■ Data extracts:
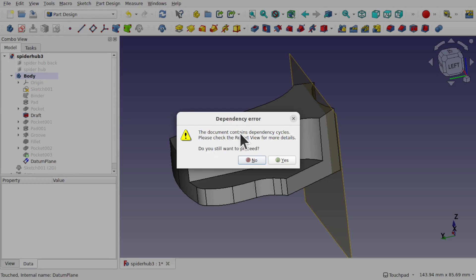So you have to be careful when adding operations after features have been built, to make sure that you don't attach them to a feature and also use them to modify that same feature.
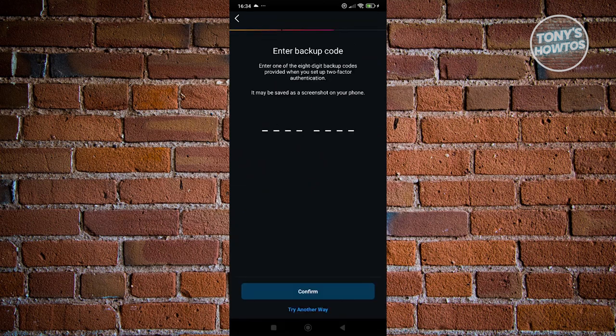Next, enter the backup code that you set up when you configured two-factor authentication. Enter your backup code and follow the on-screen steps. Once you've completed all verification steps, you should be able to reset your password and recover your account.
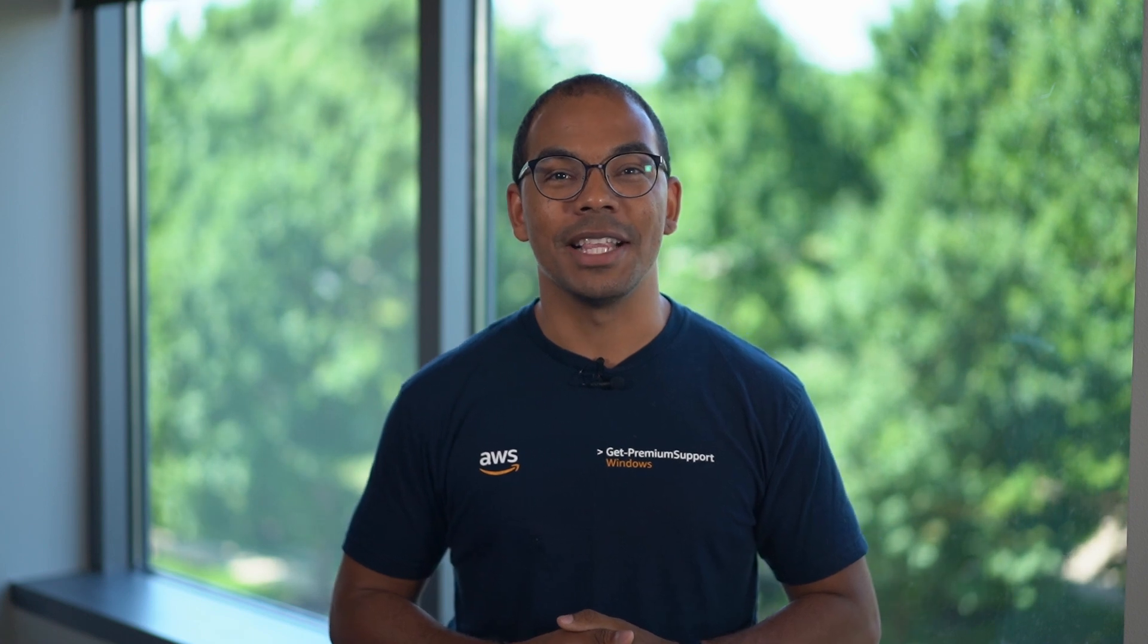Hello, I'm Dalier, a cloud support engineer here at the AWS office in Northern Virginia. Today I'm going to show you how to expand the Amazon Elastic Block Store root volume of an Amazon Elastic Compute Cloud Windows instance. Let's get started.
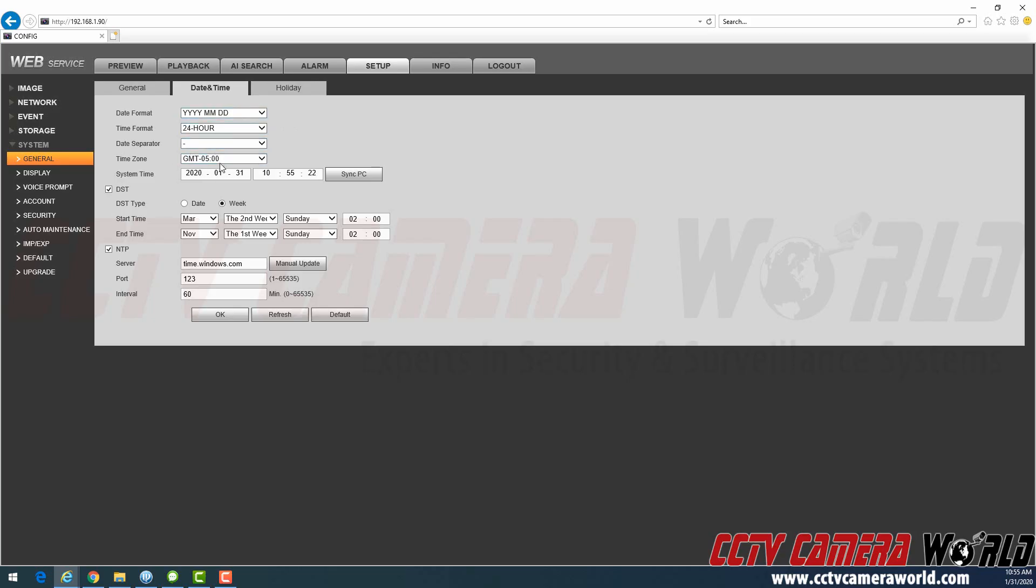And the most important is your time zone. GMT-5 is Eastern Standard Time in the United States. Minus 6 is Central, minus 7 is Mountain Standard, and minus 8 is Pacific.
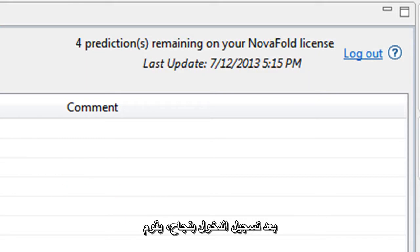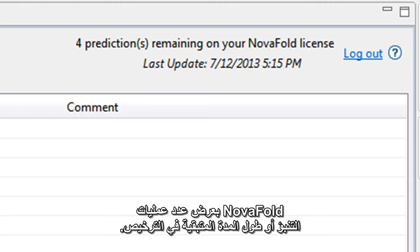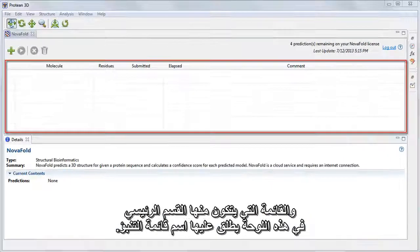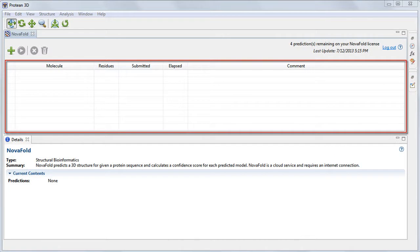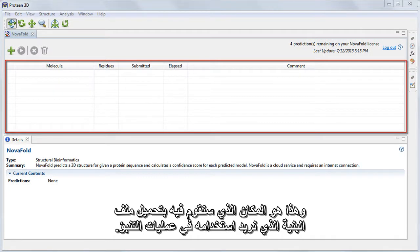After successfully logging in, NovaFold shows the number of predictions, or length of time, remaining on the license. The table that makes up the main portion of this panel is called the Prediction List. This is where we'll load in the structure file that we want to use for our predictions.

■ Work request: Keeping every word as it is, write out all the data and omit the pictures.

■ Final answer:
So you have to be careful when adding operations after features have been built, to make sure that you don't attach them to a feature and also use them to modify that same feature.
Next, enter the backup code that you set up when you configured two-factor authentication. Enter your backup code and follow the on-screen steps. Once you've completed all verification steps, you should be able to reset your password and recover your account.
Hello, I'm Dalier, a cloud support engineer here at the AWS office in Northern Virginia. Today I'm going to show you how to expand the Amazon Elastic Block Store root volume of an Amazon Elastic Compute Cloud Windows instance. Let's get started.
And the most important is your time zone. GMT-5 is Eastern Standard Time in the United States. Minus 6 is Central, minus 7 is Mountain Standard, and minus 8 is Pacific.
After successfully logging in, NovaFold shows the number of predictions, or length of time, remaining on the license. The table that makes up the main portion of this panel is called the Prediction List. This is where we'll load in the structure file that we want to use for our predictions.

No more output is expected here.